Candidly, I think one of the problems with our current assignment system is that it encourages school shopping. I reject the idea that the ‘notorious 11’ (not my phrasing, btw, it’s from the SF K Files blog) are head and shoulders above every other school in the district. Yes, they have buzz. Yes, they have significant parent fundraising and parent involvement. But do they have better teachers or better principals? Not as a rule (though there are stellar examples of teachers and principals represented on that list, no question).
I’m glad you saw schools you found stellar in our district. If the seven schools you listed happen to be the best you found for your child, that’s great. But don’t proclaim other people’s choices mediocre because they don’t match yours.
Also, many people tell me that there are 20-plus elementary schools they’d find absolutely fine for their child. This being the case, why focus on schools with lower odds when there might be others that offer better odds? That was really my motivation in publishing the list.
Let me start by saying how much I appreciate and enjoy your blog. Transparency and open communication between government and the public it serves seems to have become an archaic idea; it is so refreshing to see your blog embody both.
What has driven me to comment on this particular post is not so much your response to another yearly batch of disgruntled -or worse- parents who haven’t received their top choices, but rather the idea behind it. An explanation that I myself as a parent have heard directly from representatives of the SFUSD and local government: the problem is not with the lottery system itself, but rather that far too many people want into just a handful of schools.
And, as you have learned, these appear to be the 11 schools you have listed above. I have been told by fellow parents and administrators both, that if I want to get my choice school I need to scale back my expectations and go for a school that is not high demand.
Frankly, this leaves me gobsmacked.
Should I send my newly minted elementary child of to school with this advice? “Just aim for the middle, honey. A ‘C’ is good enough- not everyone can get A’s you know!”
There is a reason those 11 schools are at the top of the choice pool: because through research, scores, tours, level of PTA involvement, and garden/art programs, they have been determined by parents to be the very best that the San Francisco Public school system has to offer.
So, of course we all want to send our kids to those schools.

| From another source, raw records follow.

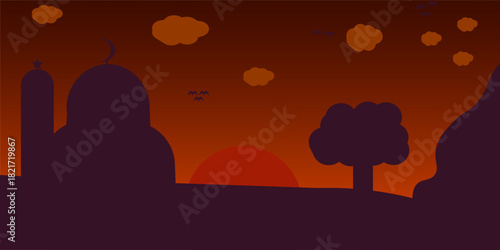  Landscape, sunset scene in nature with mountains and forest, silhouettes of trees and hills in the evening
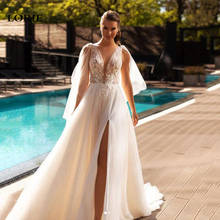 LORIE A-line Wedding Dress Lace Appliques Boho Bride Dress Backless Side Split Bride Dress Weeding Gowns vestidos de novia 2021 2024 - buy cheap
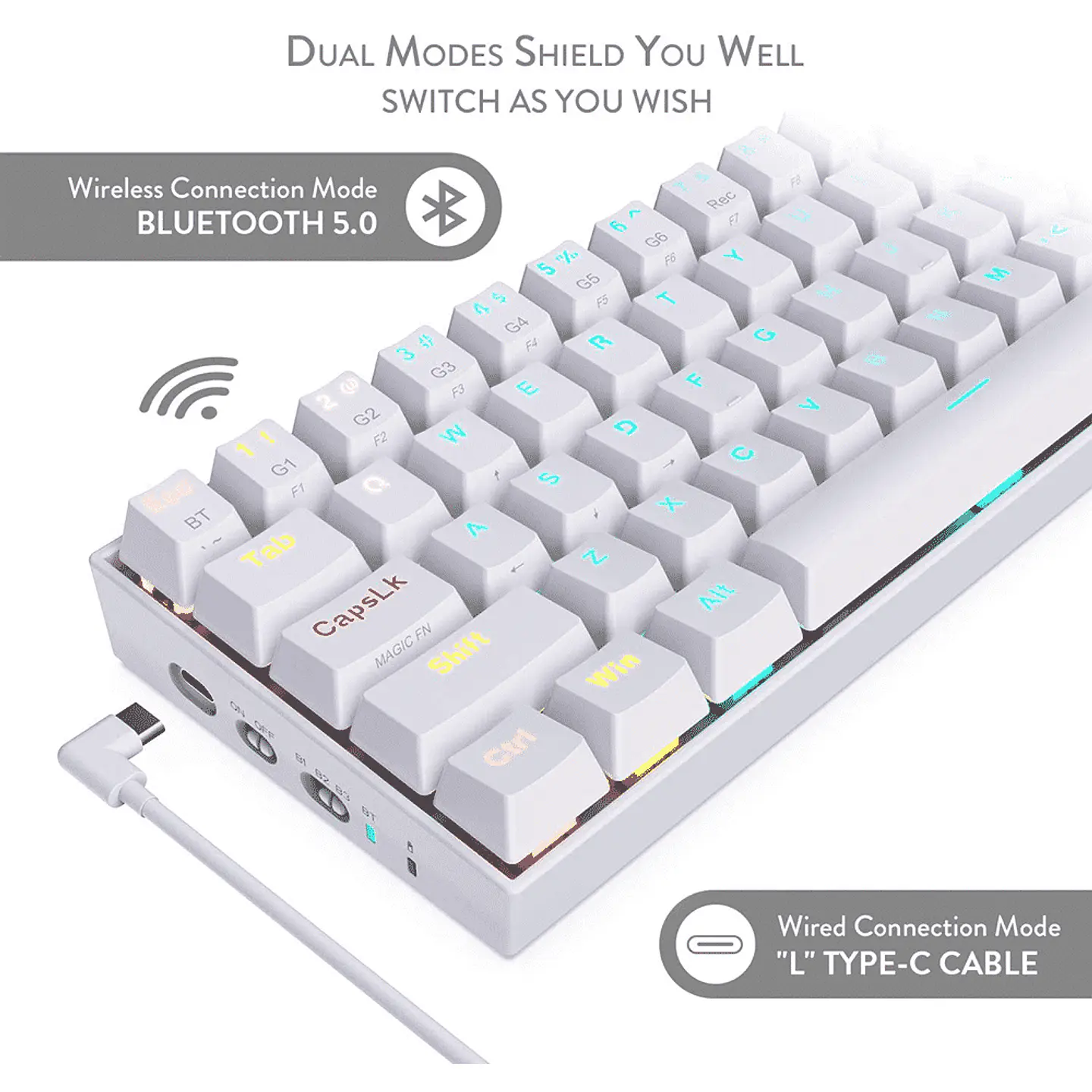 Teclado Gamer Mecánico Redragon Draconic K530W-RGB, Brown Switch 5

I am just wading into this morass for the first time, but, yes- I am prepared to settle in for the long haul. I am fortunate enough to have the option for private or, even, to leave the City and head for Marin or the peninsula, but I am committed to our Public School system. If I do not get my top choices- four out of five of them are on that list-then I will dig in and find a way to get the very best possible education for my child at the school he is finally placed at.
But, I don’t aim for the middle, I don’t teach my child to, and I am frankly surprised that some expect me to. And so I respectfully say the problem is not that we all want into the few great public schools, the problem is why aren’t ALL the public schools that great?
Blogs like yours that seek to engage, parents that are active and involved, and the apparent groundswell that is happening nationally are all much needed to pull our Public School system out of the nose dive it is in: with all of these amazing resources, let’s just make sure we aim for the top.
I will continue to look forward to your postings,
Cheers,
Parent Karen
The Atlantic article you mention in the post following this one, ‘What Makes A Great Teacher’ is a stunner. Effectively, it puts forth the idea, culled from more than a decade of research by Teach For America, that “…more than any other variable in education-more than schools or curriculum-teachers matter.”